A stick-slip piezoelectric actuator with large stepping displacement

Abstract

Piezoelectric actuators have gained widespread attention for their quick response, low energy consumption, and resistance to electromagnetic interference. However, current piezoelectric actuators face challenges in achieving large stepping displacement within compact spaces owing to the small output of individual piezoelectric elements. To address this issue, a stick-slip piezoelectric actuator based on the lever and triangular coupling amplification principle is proposed in this study. The improved lever and triangular amplification mechanisms significantly enhance the forward displacement during the stick stage.
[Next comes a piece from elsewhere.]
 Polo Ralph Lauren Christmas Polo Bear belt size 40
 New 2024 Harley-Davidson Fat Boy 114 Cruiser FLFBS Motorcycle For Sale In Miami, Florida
Owing to the unique slender flexible driving foot design of the triangular amplification section, the coupled triangular amplification mechanism can store elastic potential energy during the stick stage without compromising structural compactness. This energy is then released during the slip stage to counteract the sliding friction, enabling the actuator to achieve a sudden increase in characteristics. The displacement amplification effect of the flexible hinge mechanism is examined through theoretical calculations and simulations. The experimental results confirm that the proposed actuator can achieve large stepping displacement and high stepping performance factors under low-frequency conditions. Specifically, at a voltage of 100 V and frequency of 10 Hz, the stepping displacement and stepping performance factor reached 144 μm and 1.44 μm/V, respectively. Owing to the increased stepping displacement, the actuator achieved a maximum speed of 99.1 mm/s at 800 Hz. These features demonstrate the tremendous potential of the proposed actuator in various applications.